The research involved 15 teenage swimmers, from a club in King’s Lynn, who all swim around 30,000m every week and are members of a regional training group.

The swimmers took part in 7×200m incremental step tests in a 25m pool. Based on their personal best times, they were set times for each of the seven 200m splits, gradually increasing in speed.

The teenagers began by swimming faster than their set time (by an average of 5.6 seconds), but then fell behind towards the end of the trial, swimming an average of 4.6 seconds slower by the seventh stage.

And they didn’t learn from the first trial, with the differences between predicted times and recorded times increasing during the second 7×200m trial.

Dr Dan Gordon, Principal Lecturer in Sports Science at Anglia Ruskin University, said:

“Our study shows that even a group of well-trained and relatively experienced teenage swimmers were unable to regulate their effort and therefore couldn’t pace themselves correctly.

“The participants worked too hard and swam faster than their predicted pace during the initial stages, and then swam too slowly as a consequence of reaching anaerobic capacity too early.
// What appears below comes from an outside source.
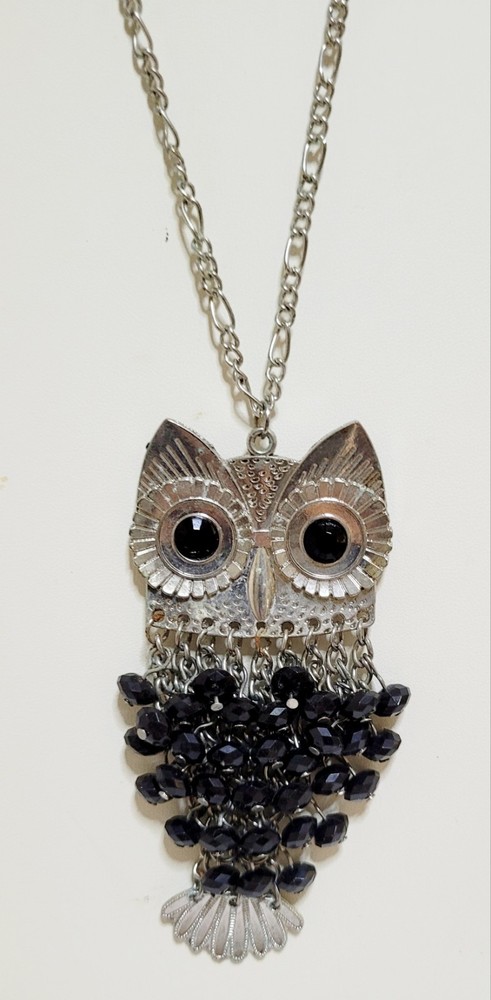 Vintage Beaded Owl Pendent Long Necklace 29 with 3 Extender Silver Tone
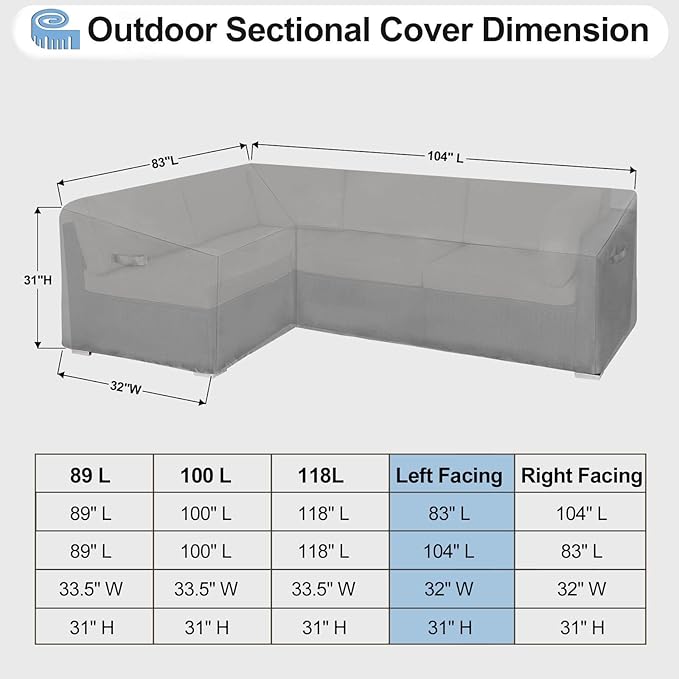 OutdoorLines Waterproof Outdoor Patio Sectional Cover - UV Resistant & Windproof L-Shaped Patio Furniture Covers for Deck, Lawn and Backyard, 420D Heavy Duty Couch Cover, Left Facing, 83"x104", Grey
“This is because pacing cannot be taught and is instead based on someone’s cognitive development and their own experience, such as repeated exposure to the sensations of pain and fatigue associated with that exercise.

“For example, an elite 5,000m runner such as Mo Farah will have covered that distance thousands of times either in training or in competition, and so he knows exactly how he should be feeling on each lap.

“Therefore alternative methods should be used to assist young athletes with their training. Coaches could use techniques such as audible signals, such as those used in ‘bleep tests’, or install underwater pacing lights to help swimmers with their pacing.”